For now at least—yes. The bodies running this trio of cities are considered far more effective and broadly popular than their national governments, even when both administrations come from the same party. In France, for example, President Francois Hollande’s government has been struggling since its inception and opinion polls this July placed Hollande’s approval ratings at just 19 percent, while Paris’ Mayor Hidalgo (like Hollande, a member of France’s Socialists) enjoys approval ratings of 52 percent. Hidalgo’s narrower remit may place her less in the firing line from angry voters, but her popularity comes with plenty of effective action—including numerous proposals for better housing, progress on pollution, and the creation of more pedestrian zones.
Spain’s national government, meanwhile, is lumbering towards its third general election since 2015, after the previous two polls failed to find a clear winner or thrash out a viable coalition. Against this dysfunctional backdrop, both Madrid and Barcelona have succeeded in brokering the political alliances that have eluded national politicians. Barcelona’s Colau sealed a pact between her left-leaning Barcelona En Comú faction (allied to the national Podemos party) and Spain center-left Socialist Party. She’s since piloted a host of measures to manage a previously under-regulated tourism industry, slash private-automobile access to the city with a new traffic management model, reduce public advertising, and protect historic small businesses.
Manuela Carmena, leader of Madrid’s governing Ahora Madrid faction (also allied nationally to Podemos), is likewise governing in coalition with the Socialists. But despite fractious relations between Carmena and the local leader of the right-wing Popular Party, Esperanza Aguirre (whose party narrowly came first but failed to find coalition partners), there has been a surprising level of bipartisanship in the city. Over the past year, PP representatives have sided with Carmena’s administration on 81 percent of votes, leaving the mayor’s sworn adversary Aguirre to be dubbed “Carmena’s first ally.” In stark contrast to the stalemate at national level, this has helped push forward promising action on greening the city, clamping down on pollution, and tackling municipal corruption.
You’ll notice something in common between all the policies linked to above. They involve narrower issues for which local responses are possible, such as managing congestion and pollution within the city limits. They don’t touch on equally important but wider issues such as pollution across regions, the effects of climate change, or national immigration policy.
Paris, for example, has been struggling to deal with a refugee influx (as has Germany).
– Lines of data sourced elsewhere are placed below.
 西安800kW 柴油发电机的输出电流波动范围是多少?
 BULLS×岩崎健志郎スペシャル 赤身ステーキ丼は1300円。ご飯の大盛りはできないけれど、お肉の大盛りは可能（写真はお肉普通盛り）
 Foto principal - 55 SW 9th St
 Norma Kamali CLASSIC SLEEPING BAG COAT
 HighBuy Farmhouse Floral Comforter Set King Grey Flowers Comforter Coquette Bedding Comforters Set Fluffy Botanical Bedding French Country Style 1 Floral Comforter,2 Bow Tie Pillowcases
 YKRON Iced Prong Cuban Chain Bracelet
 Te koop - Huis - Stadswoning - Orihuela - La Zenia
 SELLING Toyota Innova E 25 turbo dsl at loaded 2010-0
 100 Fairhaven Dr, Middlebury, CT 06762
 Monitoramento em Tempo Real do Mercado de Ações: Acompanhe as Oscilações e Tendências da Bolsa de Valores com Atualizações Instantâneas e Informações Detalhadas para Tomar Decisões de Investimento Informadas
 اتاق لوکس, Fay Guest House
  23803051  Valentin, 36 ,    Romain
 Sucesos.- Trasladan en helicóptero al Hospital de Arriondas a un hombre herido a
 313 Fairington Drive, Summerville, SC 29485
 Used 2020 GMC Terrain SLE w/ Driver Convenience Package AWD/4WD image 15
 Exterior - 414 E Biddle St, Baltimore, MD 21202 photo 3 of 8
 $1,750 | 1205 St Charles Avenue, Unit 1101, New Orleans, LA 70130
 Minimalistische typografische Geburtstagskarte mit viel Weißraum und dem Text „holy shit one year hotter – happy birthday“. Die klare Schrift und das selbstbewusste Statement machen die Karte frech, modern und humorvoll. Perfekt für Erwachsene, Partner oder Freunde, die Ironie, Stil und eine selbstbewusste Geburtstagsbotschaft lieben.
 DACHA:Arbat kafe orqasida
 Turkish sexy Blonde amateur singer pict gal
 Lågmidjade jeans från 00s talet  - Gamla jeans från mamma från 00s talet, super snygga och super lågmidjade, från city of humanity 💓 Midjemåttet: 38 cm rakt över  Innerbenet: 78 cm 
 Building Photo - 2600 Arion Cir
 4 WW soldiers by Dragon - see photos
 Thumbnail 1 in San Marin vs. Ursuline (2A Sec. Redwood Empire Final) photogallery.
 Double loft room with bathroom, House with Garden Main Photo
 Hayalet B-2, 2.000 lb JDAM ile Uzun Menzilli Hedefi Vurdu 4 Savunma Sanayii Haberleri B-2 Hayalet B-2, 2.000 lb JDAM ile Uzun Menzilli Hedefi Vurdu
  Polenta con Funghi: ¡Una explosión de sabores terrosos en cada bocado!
With limited tax-raising powers of their own, Spanish cities are hit hard by national austerity policies that have not just cut funding but led to, as the mayor’s letter puts it, a “recentralization of resources.” And altogether these cities are being given little global say on issues relating to climate change, though urban areas (which are responsible for 70 percent of greenhouse gases) are often more proactive than national governments in pushing for climate-friendly policies.
We can only speculate as to whether the three cities could indeed come up with answers on issues like these. But as they get on with the business of running things while their national governments limp and struggle, it’s hardly surprising that they think they’re up to a bigger slice of the action.